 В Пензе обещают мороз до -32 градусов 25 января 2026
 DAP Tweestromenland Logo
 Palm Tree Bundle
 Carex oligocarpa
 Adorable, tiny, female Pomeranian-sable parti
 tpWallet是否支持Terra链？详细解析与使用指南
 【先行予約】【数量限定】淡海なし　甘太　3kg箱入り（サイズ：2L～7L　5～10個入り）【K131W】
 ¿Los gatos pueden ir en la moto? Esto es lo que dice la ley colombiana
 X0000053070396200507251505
+-------+
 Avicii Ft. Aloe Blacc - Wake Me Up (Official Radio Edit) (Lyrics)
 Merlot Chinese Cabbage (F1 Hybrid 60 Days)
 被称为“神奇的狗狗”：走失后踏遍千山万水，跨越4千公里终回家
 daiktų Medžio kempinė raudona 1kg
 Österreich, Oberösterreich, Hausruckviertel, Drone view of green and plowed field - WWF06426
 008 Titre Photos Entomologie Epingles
+-------+
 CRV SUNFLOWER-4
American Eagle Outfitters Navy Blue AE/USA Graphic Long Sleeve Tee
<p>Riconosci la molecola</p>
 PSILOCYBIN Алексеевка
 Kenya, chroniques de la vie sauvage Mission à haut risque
+-------+
| TASK BRIEF |
Scan the lines above for "la ley colombiana" and for "X0000053070396200507251505". Repeat exactly the line holding each of them and every line in between.

| TASK RESPONSE |
 ¿Los gatos pueden ir en la moto? Esto es lo que dice la ley colombiana
 X0000053070396200507251505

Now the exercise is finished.